La faceta académica de Braunstein es poco conocida: economista y químico, ha sido catedrático de Mercadeo y Publicidad Internacional en las facultades de Ciencia Económicas y Sociales, y en los postgrados en Comercio Exterior de la Escuela de Estudios Internacionales y en Administración de la UCV.

Ante todo el jazz
La semana de Jacques Braunstein es agitada. Además de los múltiples compromisos impuestos por su agenda publicitaria graba sus programas en las emisoras Jazz 95.5 FM los jueves a las 3 pm; en Radio Nacional los viernes a las 3 pm; y en la Emisora Cultural de Caracas, un sábado sí y un sábado no, a las 9:30 am. Todo eso sin contar el tiempo que dedica a la travesura lúdica: el bridge, que practica de manera profesional y entre amigos.
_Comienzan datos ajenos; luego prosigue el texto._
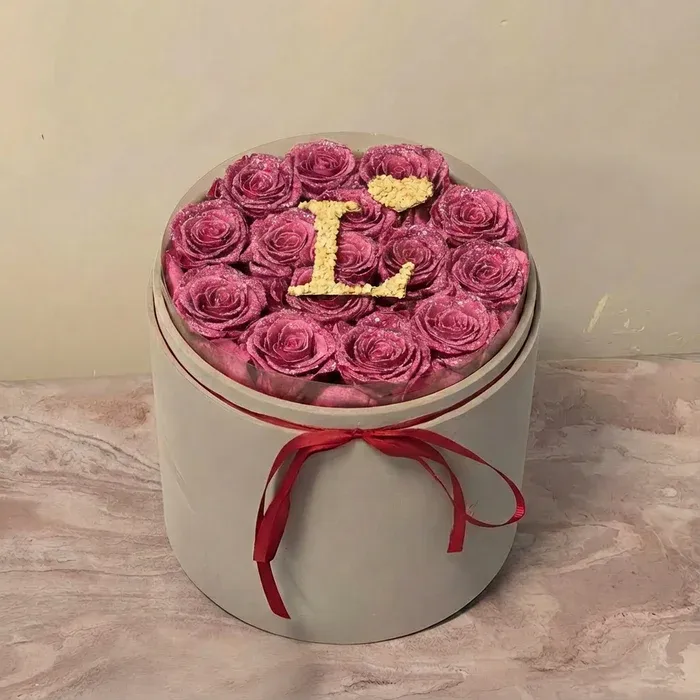 Glitter Rose Box With Initial Couple Gift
La producción de El idioma del jazz no le quita ya mucho tiempo. "Más bien nada", dice él, con modestia. La totalidad de la música que se escucha en su programa sale de su discoteca personal, que a ojo de buen cubero tiene unos 27 mil ejemplares, entre discos de vinil y discos compactos. "Actualizarme es mi principal vicio. Yo no fumo, bebo socialmente, pero compro discos en exorbitante cantidad. Claro, también algunas disqueras norteamericanas, que me aprecian mucho, me regalan algunos discos".
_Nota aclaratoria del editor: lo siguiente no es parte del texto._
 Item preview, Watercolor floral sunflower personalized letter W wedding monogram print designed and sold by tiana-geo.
El programa radial que ha hecho tan estimado a Braunstein se estrenó en el aire el 1º de de julio de 1955. "Yo conocía a un señor llamado Tomas Copell, de origen húngaro, a quien le gustaba también mucho el jazz”, recuerda. “Este señor me dijo una vez que con los conocimientos y los discos que yo tenía debería empezar un programa de radio. Yo le respondí que lo haría con mucho gusto pero que el tiempo de la radio costaba mucho y que necesitaría patrocinantes. El mencionó entonces que me patrocinaría el programa por tres meses. Y así fue. Comencé en Radio Libertador, que estaba en la esquina de Cipreses y pertenecía al Circuito Raidi. Después pasé a otras emisoras, como Radio Rumbos. En el tiempo de la moda del bossa nova hice un programa sobre la música popular brasileña en Radio Caracas Radio y en 97.7 FM".
Es una osadía y un milagro mantener un espacio radial por 47 años, no sólo aquí, en Venezuela: "Sé de un programa que tenía más años que el mío, el de Willys Connover en La Voz de los Estados Unidos de Norteamérica, cuya sintonía está calculada en 20 millones de oyentes diariamente. Yo, a través de los años, sé que he sembrado una semilla muy importante para el jazz, la cual ha dado sus frutos. Hoy hay mucha más gente interesada en el jazz. Han sido 47 años de una aventura maravillosa en la que he podido compartir mi gusto con mucha gente. Además, la música me da una gran felicidad".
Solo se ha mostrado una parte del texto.